— Supplied information —
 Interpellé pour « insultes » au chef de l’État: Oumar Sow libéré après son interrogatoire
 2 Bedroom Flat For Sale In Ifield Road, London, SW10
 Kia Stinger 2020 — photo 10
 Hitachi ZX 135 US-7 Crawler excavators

* * *

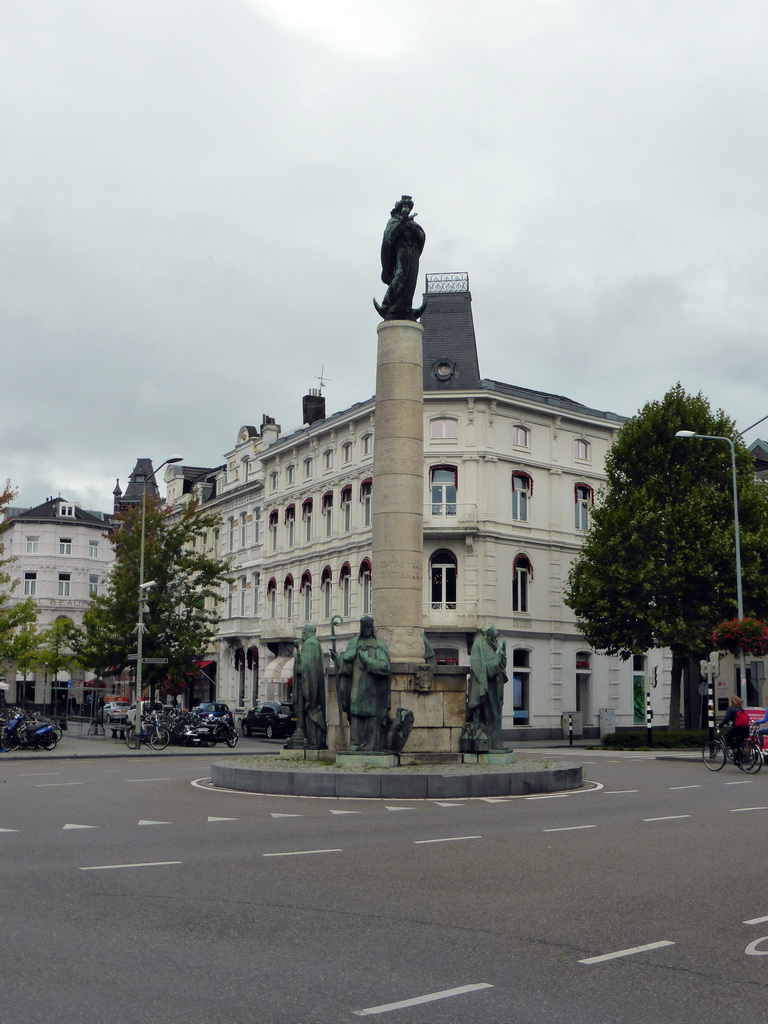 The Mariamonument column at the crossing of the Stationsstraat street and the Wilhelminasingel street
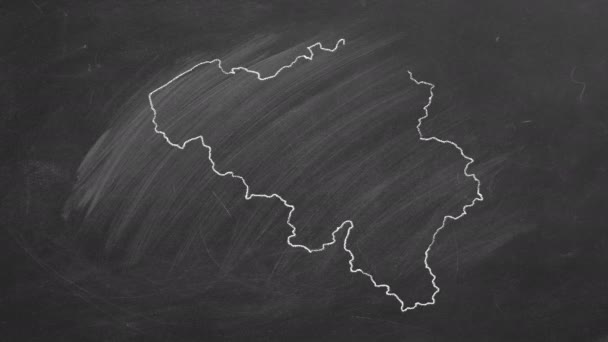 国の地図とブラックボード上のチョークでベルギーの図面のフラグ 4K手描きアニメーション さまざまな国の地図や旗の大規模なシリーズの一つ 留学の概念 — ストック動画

— Exercise brief —
Look above for the line with "après son interrogatoire" and the line with "Hitachi ZX 135 US-7 Crawler excavators"; transcribe both and all lines in between, exactly, and nothing else.

— Response to the task —
 Interpellé pour « insultes » au chef de l’État: Oumar Sow libéré après son interrogatoire
 2 Bedroom Flat For Sale In Ifield Road, London, SW10
 Kia Stinger 2020 — photo 10
 Hitachi ZX 135 US-7 Crawler excavators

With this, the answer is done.